* [EXERCISE REQUIREMENTS]
Repeat only the lines below from the one containing "Australia Melbourne Mission" through the one containing "Felpa Linea Lunga", inclusive, exactly as written.
╭──
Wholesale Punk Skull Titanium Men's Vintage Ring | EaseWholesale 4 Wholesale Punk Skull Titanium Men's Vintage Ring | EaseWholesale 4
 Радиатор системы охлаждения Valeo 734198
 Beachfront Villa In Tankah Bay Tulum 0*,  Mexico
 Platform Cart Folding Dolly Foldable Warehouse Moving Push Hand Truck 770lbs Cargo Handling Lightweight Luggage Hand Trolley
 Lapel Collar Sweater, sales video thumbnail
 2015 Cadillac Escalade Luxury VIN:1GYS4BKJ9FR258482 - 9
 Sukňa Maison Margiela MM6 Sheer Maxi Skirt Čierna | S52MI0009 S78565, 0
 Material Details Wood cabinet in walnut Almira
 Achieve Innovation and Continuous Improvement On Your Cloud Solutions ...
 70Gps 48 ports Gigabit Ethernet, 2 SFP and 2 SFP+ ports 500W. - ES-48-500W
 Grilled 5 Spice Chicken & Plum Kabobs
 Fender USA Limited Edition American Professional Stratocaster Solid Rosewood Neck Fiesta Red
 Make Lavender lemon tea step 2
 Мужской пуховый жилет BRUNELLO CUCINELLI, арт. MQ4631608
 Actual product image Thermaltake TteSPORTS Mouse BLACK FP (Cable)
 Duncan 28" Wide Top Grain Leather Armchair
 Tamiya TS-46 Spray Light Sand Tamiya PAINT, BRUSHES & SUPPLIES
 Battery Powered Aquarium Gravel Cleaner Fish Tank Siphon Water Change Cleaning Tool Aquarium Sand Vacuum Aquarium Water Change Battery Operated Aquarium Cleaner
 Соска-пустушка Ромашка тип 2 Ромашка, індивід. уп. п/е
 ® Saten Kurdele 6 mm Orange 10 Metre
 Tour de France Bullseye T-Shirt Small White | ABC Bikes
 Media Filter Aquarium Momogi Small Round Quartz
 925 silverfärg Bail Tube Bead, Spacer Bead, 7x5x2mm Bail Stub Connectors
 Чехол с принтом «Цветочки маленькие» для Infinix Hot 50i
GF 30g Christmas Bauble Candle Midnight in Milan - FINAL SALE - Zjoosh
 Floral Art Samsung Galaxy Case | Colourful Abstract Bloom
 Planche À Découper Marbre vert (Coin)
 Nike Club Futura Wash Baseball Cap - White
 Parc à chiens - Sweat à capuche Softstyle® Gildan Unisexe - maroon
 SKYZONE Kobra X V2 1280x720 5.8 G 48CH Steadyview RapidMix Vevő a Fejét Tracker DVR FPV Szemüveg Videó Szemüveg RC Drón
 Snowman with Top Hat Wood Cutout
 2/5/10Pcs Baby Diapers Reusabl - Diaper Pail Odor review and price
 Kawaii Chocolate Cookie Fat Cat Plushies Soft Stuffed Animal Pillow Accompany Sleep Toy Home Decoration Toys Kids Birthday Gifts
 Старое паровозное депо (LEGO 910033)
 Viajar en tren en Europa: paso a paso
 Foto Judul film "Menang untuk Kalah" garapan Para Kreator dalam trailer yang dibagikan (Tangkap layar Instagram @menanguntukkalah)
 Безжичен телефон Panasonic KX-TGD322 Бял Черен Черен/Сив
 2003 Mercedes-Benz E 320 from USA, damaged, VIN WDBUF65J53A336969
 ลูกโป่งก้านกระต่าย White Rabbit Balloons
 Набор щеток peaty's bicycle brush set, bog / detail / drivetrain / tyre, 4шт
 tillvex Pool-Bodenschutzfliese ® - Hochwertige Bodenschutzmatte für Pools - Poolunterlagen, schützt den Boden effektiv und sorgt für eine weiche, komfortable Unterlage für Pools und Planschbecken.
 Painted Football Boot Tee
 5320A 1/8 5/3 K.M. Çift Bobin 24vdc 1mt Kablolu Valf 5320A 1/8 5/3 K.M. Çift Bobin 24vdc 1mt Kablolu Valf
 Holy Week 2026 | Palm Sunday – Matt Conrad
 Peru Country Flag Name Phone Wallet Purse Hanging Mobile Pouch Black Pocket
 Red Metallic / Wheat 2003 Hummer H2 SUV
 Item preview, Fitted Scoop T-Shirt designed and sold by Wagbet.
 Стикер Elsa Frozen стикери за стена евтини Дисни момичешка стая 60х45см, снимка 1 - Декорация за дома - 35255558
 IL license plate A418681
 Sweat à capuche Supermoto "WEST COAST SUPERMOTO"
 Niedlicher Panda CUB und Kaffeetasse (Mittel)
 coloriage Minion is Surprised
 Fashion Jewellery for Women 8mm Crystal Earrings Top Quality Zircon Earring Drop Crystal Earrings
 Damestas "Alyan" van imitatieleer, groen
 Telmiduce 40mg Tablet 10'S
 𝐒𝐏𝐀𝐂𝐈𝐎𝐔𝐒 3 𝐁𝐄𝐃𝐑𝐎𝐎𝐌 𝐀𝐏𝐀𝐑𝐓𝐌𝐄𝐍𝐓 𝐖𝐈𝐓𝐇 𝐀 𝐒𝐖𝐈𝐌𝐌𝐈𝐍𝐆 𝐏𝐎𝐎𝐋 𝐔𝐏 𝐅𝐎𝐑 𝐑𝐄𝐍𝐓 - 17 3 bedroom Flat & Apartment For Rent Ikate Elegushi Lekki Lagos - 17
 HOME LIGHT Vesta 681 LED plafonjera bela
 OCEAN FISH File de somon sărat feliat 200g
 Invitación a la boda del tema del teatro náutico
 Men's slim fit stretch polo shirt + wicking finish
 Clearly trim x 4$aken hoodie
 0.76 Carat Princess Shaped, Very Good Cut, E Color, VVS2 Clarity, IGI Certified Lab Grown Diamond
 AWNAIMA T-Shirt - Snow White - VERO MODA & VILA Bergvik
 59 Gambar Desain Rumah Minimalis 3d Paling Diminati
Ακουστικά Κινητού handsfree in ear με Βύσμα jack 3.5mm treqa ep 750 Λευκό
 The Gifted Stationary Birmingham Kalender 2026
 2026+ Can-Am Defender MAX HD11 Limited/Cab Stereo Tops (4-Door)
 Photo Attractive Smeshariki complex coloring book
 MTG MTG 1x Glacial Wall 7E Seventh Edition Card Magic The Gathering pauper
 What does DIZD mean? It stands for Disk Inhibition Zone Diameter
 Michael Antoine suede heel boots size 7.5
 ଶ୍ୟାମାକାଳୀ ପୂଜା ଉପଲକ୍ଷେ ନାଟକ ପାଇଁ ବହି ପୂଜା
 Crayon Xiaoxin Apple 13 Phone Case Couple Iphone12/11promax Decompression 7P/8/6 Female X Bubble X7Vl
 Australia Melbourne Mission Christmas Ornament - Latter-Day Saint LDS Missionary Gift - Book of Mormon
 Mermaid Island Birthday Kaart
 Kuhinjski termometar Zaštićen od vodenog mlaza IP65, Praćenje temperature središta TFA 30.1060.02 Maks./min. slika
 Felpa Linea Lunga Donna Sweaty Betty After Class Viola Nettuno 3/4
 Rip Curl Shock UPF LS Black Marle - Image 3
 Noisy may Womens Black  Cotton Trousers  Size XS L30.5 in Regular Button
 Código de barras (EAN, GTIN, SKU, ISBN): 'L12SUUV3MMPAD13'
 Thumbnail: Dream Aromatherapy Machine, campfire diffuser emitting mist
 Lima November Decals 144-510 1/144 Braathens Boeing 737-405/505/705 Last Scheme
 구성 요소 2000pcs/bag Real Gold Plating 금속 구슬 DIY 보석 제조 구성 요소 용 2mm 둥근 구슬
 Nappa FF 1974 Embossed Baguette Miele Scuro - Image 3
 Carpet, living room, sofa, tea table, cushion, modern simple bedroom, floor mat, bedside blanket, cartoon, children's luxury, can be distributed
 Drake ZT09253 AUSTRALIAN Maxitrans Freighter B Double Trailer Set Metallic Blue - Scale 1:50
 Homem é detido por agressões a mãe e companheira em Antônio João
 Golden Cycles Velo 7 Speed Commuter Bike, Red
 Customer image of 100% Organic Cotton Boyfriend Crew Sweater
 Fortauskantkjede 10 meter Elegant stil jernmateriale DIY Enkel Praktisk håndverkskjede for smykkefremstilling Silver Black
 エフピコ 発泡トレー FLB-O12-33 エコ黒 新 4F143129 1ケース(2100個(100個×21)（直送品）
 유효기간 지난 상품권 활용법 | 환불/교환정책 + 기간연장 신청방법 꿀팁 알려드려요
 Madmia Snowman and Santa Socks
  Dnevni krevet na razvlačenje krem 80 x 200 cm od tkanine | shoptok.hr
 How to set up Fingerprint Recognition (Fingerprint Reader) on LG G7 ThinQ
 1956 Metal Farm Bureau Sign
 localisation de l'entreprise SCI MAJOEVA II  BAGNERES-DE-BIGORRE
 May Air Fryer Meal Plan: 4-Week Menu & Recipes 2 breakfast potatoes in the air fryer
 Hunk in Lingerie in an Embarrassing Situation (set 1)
╰──
* [EXERCISE ANSWER]
 Australia Melbourne Mission Christmas Ornament - Latter-Day Saint LDS Missionary Gift - Book of Mormon
 Mermaid Island Birthday Kaart
 Kuhinjski termometar Zaštićen od vodenog mlaza IP65, Praćenje temperature središta TFA 30.1060.02 Maks./min. slika
 Felpa Linea Lunga Donna Sweaty Betty After Class Viola Nettuno 3/4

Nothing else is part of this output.